To improve the situation of those at the bottom of the presumed economic ladder, the president called for a rise in the minimum wage and tying it in the future to changes in the cost of living: a major step for those caught in the beginning steps of that broken income ladder.
Recognizing that the current unemployment rate is still too high, despite its lowering in his administration, the president called for more government spending on the nation’s physical infra-structure that would produce jobs and likely benefit some low-income households.
The social infra-structure also received attention, notably in the expansion of pre-school services. That growth would particularly aid low-income single parent and two-earner households. It would promote more effective educational outcomes for children of lower-educated parents.
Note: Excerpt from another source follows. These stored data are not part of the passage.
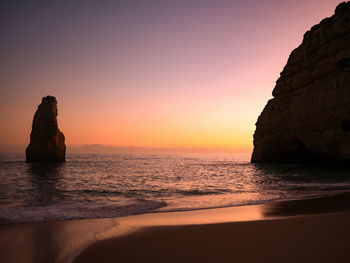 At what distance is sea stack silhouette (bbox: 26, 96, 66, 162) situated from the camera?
A: 45.8 m

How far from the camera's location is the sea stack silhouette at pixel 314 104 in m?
26.8

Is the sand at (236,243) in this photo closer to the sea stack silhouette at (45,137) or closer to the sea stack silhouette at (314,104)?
the sea stack silhouette at (314,104)

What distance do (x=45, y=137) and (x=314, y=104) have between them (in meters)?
49.6

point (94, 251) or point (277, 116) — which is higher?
point (277, 116)

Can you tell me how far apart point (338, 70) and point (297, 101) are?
749cm

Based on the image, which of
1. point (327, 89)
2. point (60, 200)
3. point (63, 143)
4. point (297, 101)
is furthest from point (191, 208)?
point (63, 143)

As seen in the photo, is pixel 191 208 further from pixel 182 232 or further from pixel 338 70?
pixel 338 70

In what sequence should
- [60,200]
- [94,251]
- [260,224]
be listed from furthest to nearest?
[60,200] → [260,224] → [94,251]

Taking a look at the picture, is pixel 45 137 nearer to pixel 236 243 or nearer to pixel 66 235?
pixel 66 235

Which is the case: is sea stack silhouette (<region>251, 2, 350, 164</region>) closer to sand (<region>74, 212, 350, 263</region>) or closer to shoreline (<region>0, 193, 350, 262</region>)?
shoreline (<region>0, 193, 350, 262</region>)

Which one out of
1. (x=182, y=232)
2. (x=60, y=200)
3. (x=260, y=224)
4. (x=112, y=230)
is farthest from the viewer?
(x=60, y=200)

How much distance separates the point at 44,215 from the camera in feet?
24.0

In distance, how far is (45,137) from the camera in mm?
45938

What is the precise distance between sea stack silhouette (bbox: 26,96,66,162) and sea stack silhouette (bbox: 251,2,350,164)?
4211 cm
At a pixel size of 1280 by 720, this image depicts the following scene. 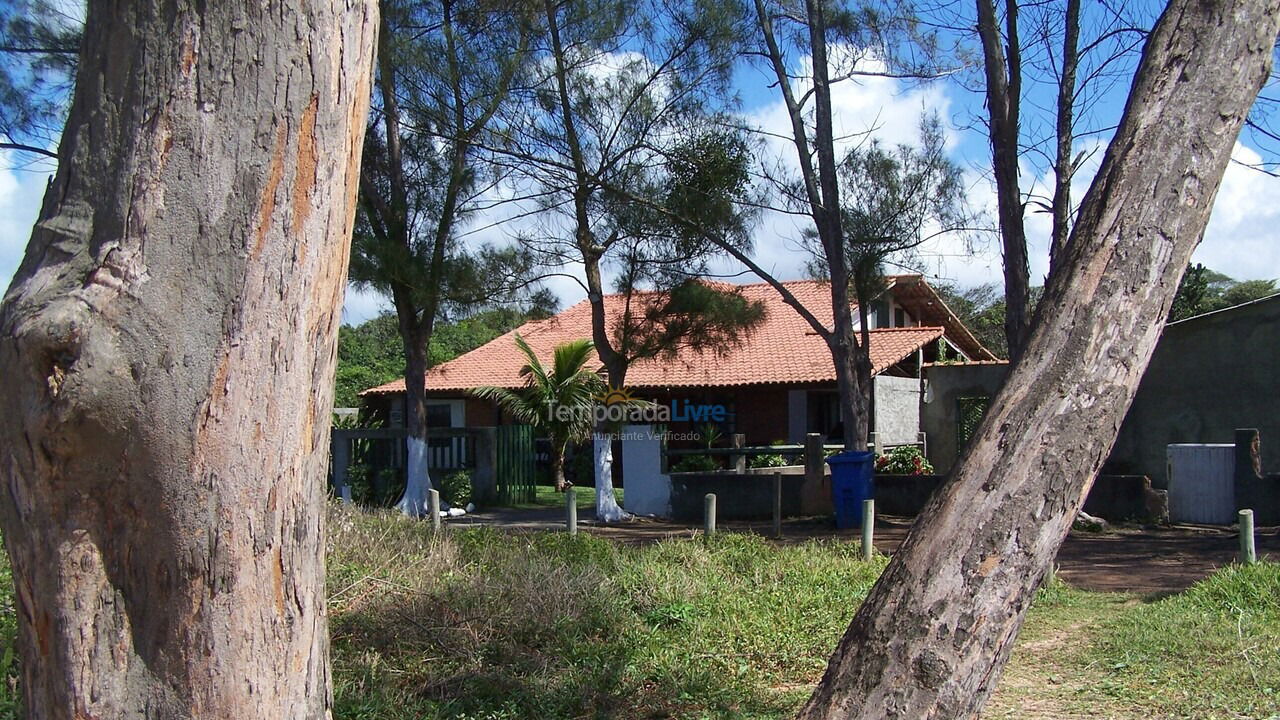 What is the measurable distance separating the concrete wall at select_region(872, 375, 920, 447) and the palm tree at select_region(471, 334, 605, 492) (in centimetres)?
540

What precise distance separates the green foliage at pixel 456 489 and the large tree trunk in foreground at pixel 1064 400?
1664cm

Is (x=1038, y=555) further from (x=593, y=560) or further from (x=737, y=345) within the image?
(x=737, y=345)

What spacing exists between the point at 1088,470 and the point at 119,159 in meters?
2.22

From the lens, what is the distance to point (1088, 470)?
2.54 metres

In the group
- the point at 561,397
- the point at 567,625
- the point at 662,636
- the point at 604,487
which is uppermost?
the point at 561,397

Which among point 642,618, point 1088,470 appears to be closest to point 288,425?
point 1088,470

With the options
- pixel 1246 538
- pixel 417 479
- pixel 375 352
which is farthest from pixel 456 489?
pixel 375 352

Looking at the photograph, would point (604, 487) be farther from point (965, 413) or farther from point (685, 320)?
point (965, 413)

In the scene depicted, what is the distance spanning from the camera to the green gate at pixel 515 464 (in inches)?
784

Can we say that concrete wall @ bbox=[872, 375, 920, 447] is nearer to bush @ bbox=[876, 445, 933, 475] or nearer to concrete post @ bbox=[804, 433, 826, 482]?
bush @ bbox=[876, 445, 933, 475]

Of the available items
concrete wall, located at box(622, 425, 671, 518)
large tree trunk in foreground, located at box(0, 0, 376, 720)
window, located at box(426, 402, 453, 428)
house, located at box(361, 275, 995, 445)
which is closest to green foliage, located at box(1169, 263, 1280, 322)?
house, located at box(361, 275, 995, 445)

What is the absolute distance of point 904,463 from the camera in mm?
17859

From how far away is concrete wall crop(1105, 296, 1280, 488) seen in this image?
15796 millimetres

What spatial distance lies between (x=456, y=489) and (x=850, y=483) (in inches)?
288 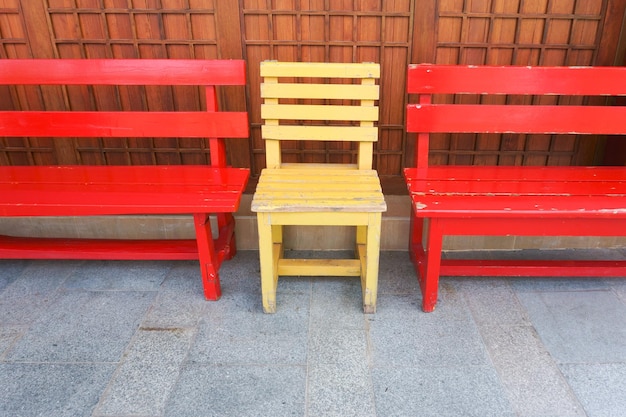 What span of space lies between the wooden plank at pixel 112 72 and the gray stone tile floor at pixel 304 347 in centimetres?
119

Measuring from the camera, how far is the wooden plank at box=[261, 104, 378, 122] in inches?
97.1

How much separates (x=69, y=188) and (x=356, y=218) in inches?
61.0

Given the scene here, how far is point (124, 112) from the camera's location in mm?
2516

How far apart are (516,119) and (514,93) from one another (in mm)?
148

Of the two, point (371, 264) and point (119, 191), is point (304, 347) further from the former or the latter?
point (119, 191)

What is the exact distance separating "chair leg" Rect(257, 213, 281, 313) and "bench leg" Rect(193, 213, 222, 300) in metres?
0.32

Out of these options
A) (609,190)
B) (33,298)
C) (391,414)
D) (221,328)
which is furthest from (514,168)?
(33,298)

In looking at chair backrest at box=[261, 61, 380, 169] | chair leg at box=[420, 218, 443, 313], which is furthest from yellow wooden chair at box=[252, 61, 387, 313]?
chair leg at box=[420, 218, 443, 313]

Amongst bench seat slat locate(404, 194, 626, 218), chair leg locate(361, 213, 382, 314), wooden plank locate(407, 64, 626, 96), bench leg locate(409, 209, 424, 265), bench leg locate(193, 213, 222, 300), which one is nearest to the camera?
bench seat slat locate(404, 194, 626, 218)

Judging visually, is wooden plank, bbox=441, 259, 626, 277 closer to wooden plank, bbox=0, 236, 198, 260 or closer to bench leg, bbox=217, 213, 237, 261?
bench leg, bbox=217, 213, 237, 261

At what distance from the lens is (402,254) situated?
2.96 metres

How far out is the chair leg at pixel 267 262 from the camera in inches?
83.1

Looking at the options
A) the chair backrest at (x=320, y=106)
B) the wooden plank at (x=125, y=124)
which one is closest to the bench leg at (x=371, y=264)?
the chair backrest at (x=320, y=106)

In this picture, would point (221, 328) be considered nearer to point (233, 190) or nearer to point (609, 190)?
point (233, 190) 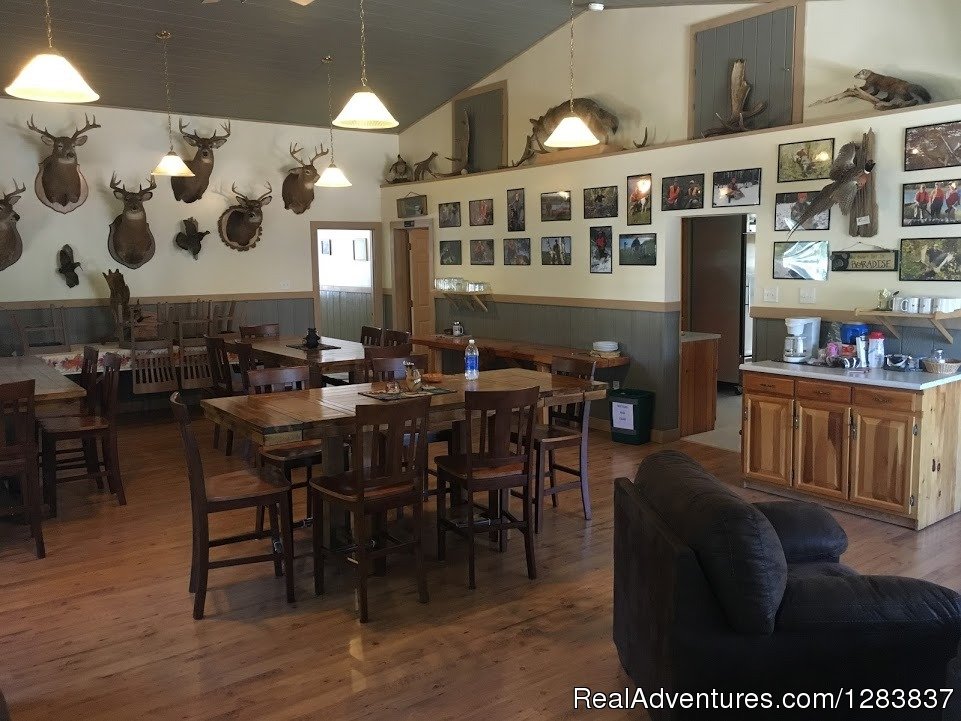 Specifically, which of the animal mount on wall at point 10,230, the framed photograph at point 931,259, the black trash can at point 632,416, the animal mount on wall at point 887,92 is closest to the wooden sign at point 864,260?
the framed photograph at point 931,259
The president’s advocacy of the easing of the path to citizenship could be important for the millions of undocumented immigrants locked in low-pay jobs. More of the president’s concern, however, was focused on facilitating the entry and stay of high-skilled persons; but a loosening of the path to citizenship and prolonged stays could benefit immigrants in non-middle class livelihoods. With the rising population of Hispanic voters, even Republicans might buy into a limited relaxation of immigration rules.
The Republican rejoinder presented by Senator Rubio of Hispanic background revisited that party’s concern to not tax the rich, the presumed investors in start-up enterprises, and to lower corporate taxes. A class theme was involved in this approach—‘we need the wealthy’. Perhaps, however, blocking some tax loopholes would be acceptable as part of a package to reduce government deficits.
Underlying the State of (Dis)Unity Messages was the concern for America’s backbone—the middle class, perhaps more a symbol than a people.
S. M. Miller (Mike), the co-author of “Rights and Respect: Class, Race and Gender Today” and more than a dozen other books, is an academic-activist involved in poverty, race, and class inequalities in the U.S. and other countries. He chaired the sociology department at Boston University. Currently, he sits on the board of the Poverty & Race Research Action Council and other advocacy organizations.